MATERIAL FOR THIS EXERCISE
•••

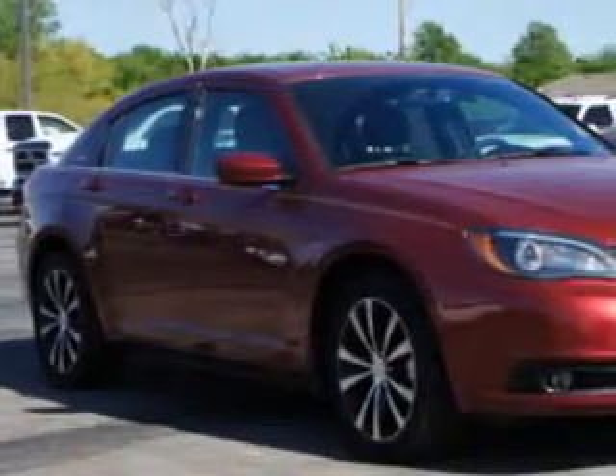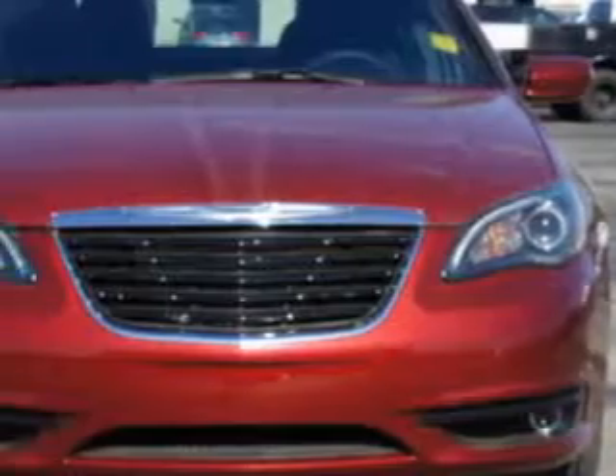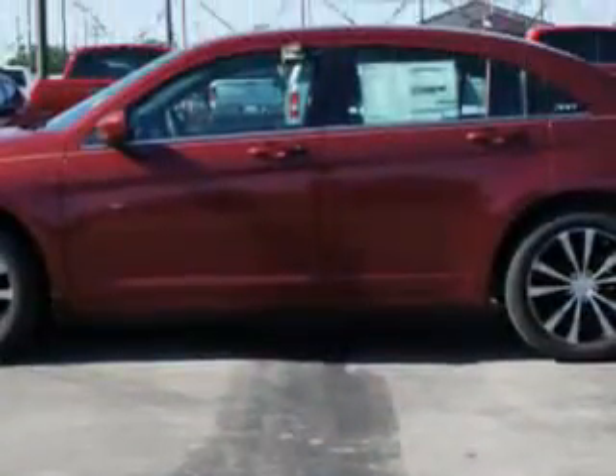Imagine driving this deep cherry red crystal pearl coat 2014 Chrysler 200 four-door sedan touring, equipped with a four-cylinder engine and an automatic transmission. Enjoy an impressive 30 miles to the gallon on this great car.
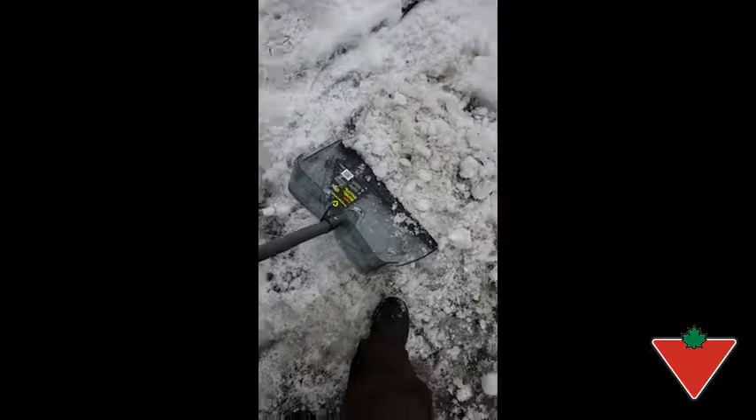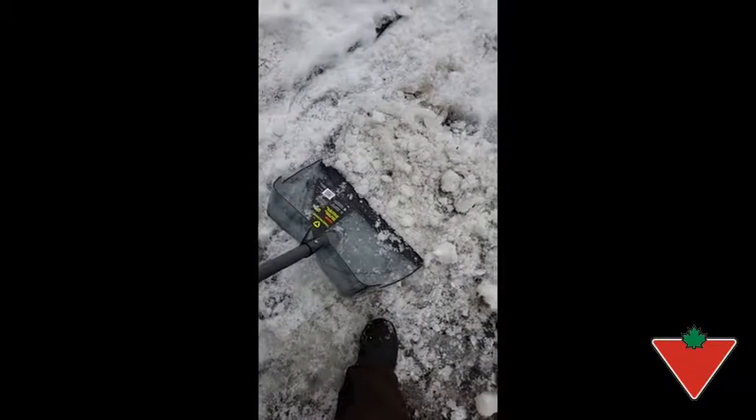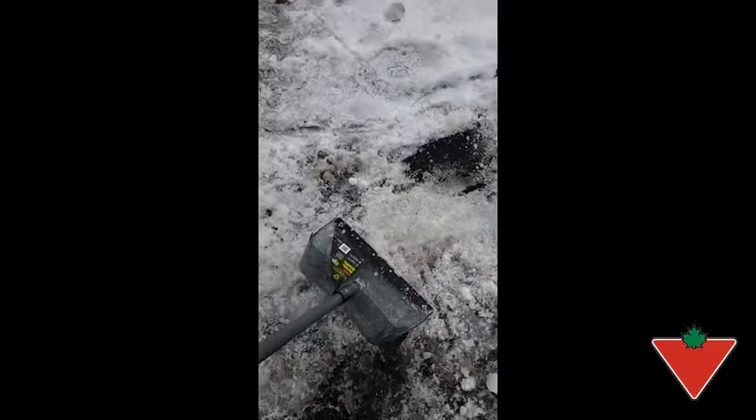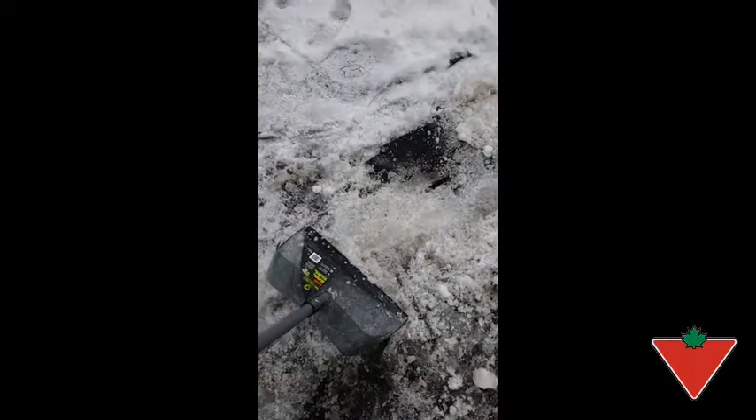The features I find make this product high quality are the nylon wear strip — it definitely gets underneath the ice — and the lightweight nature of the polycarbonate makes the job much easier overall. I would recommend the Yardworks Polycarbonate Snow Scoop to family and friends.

•••

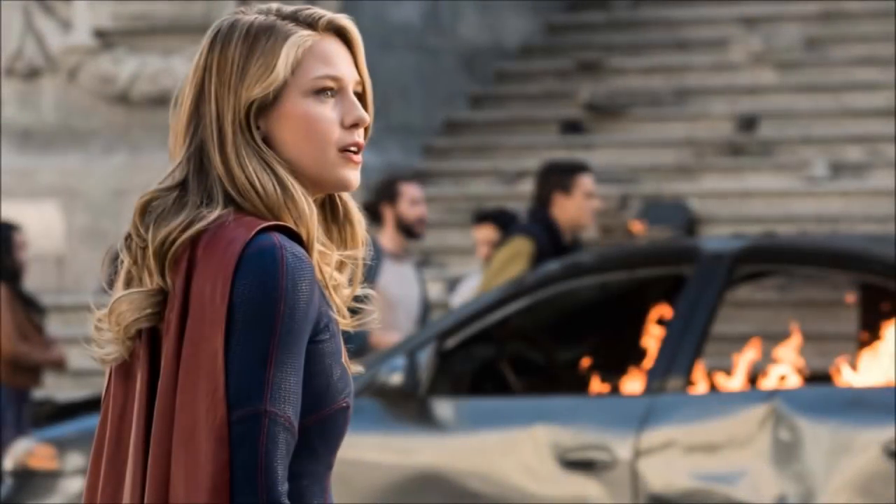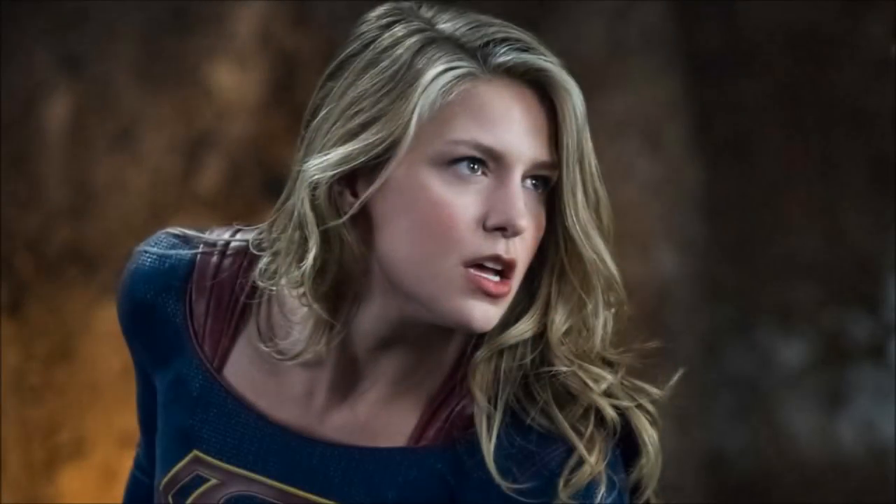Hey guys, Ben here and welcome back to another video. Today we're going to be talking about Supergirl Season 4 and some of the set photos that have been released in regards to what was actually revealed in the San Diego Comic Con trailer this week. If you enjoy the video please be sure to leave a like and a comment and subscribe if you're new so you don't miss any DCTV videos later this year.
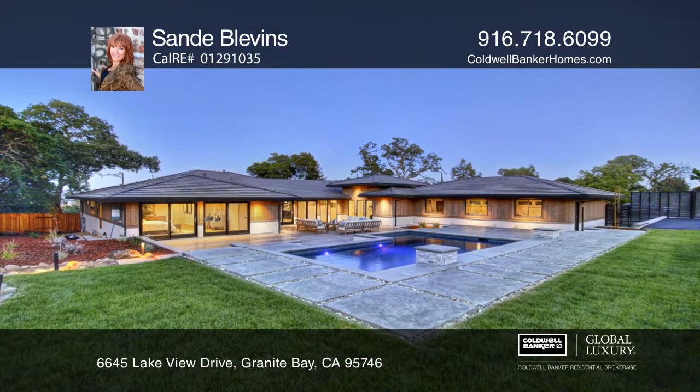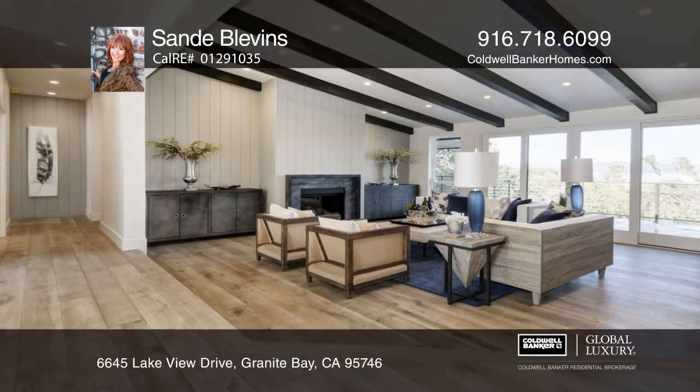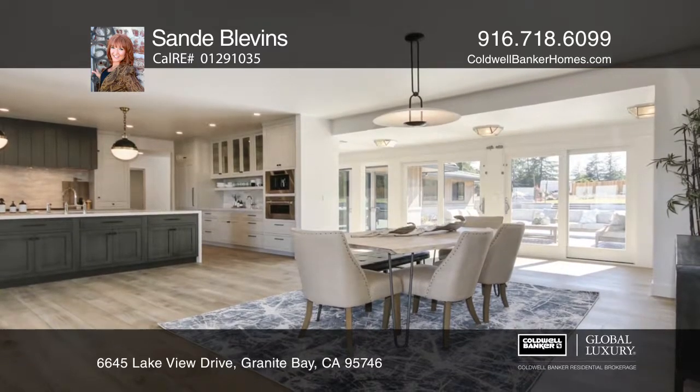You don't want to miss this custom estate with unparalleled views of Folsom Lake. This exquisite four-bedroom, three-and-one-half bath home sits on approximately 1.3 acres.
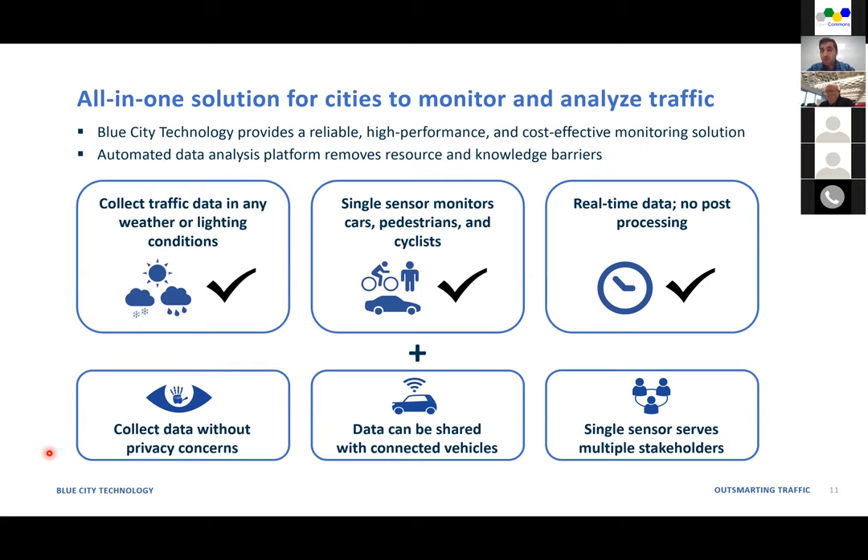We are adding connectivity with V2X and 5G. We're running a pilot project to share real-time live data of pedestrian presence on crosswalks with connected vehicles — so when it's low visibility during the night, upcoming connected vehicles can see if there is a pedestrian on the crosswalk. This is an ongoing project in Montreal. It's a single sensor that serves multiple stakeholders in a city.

•••

WHAT THE EXERCISE ASKS
From the records above, copy exactly the lines starting at the one with "Imagine driving this" and ending at the one with "The features I", and no others. Pictures stay out.

YOUR SOLUTION
Imagine driving this deep cherry red crystal pearl coat 2014 Chrysler 200 four-door sedan touring, equipped with a four-cylinder engine and an automatic transmission. Enjoy an impressive 30 miles to the gallon on this great car.
The features I find make this product high quality are the nylon wear strip — it definitely gets underneath the ice — and the lightweight nature of the polycarbonate makes the job much easier overall. I would recommend the Yardworks Polycarbonate Snow Scoop to family and friends.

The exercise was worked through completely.